The standard sacrifice bunt – with a man on first base and
no one out – is almost always a poor percentage play unless the guy at the
plate is an absolutely terrible hitter – and by “absolutely terrible” I mean
he’s a pitcher. There are exceptions, but generally speaking the odds that
you’ll score one run in the inning go up very slightly if at all when you bunt,
and the odds that you’ll score MORE than one run in the inning go down
significantly. (Keep in mind that with men on first and second, the bunt is more defensible, because in that case
you’re moving two runners up a base instead of one.)
But as bad as it is to bunt with a man on first only, it’s
even worse to bunt with a man on second. Perhaps the most underappreciated benefit
of bunting is that you stay out of the double play. With a man on second base,
the double play has already been taken out of the equation.
And then there’s the fact that with a man on second base, a
groundball to the right side will almost certainly move the runner over to
third base anyway. The batter was Chris Getz, who 1) is a groundball hitter and
2) bats left-handed, meaning if he just pulls the ball, he’ll move the runner
over. So why would you give up an out on purpose when you could swing away and
likely gain the same result even if you don’t get a hit?
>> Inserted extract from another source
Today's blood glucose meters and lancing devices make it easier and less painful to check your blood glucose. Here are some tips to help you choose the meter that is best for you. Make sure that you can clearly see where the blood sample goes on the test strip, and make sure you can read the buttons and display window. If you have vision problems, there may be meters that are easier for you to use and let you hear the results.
Oh, yeah – the runner on second base was Dyson, one of the
fastest players in the majors. He was on second base because he had just stolen
second base, his 53rd steal in a career of just 154 games so far, his 53rd
steal in 61 attempts (87%). If you really wanted to get him to third base, why
wouldn’t you just send him again?
Instead, on a 3-1 count (!), Getz put down a bunt which
moved Dyson to third. Alex Gordon failed to take advantage, striking out on
three pitches when he somehow took a called strike three. Alcides Escobar would
fly out with two outs to end the inning. In the end, it didn’t matter because
Getz doubled in the ninth and Gordon swung at the first pitch and drove it into
right field. But it was a terrible managerial call, combining a high cost (an
out) with a minimal gain (a base which could have been picked up by other
means).
- Speaking of Herrera, Sunday was the first time all season
in which he didn’t strike out at least half of the batters he faced. (He was
only one for three.) For the year, Herrera has whiffed 11 of the 19 batters he
faced, or 58%.
Last year Herrera whiffed 22.4% of the batters he faced,
which is solidly above-average but not as high as you’d expect for someone who
throws 96-99 with a killer changeup. At no point last season did he have a
stretch like this one – the closest he came was striking out 11 of 24 batters
from June 13 to June 20. I don’t think he’s going to go all Craig Kimbrel on the
league, but I do think it’s reasonable to assume, given his age, given that he
has one full season under his belt, and given his ridiculous two-pitch arsenal,
that a big bump in strikeouts may be in order this season.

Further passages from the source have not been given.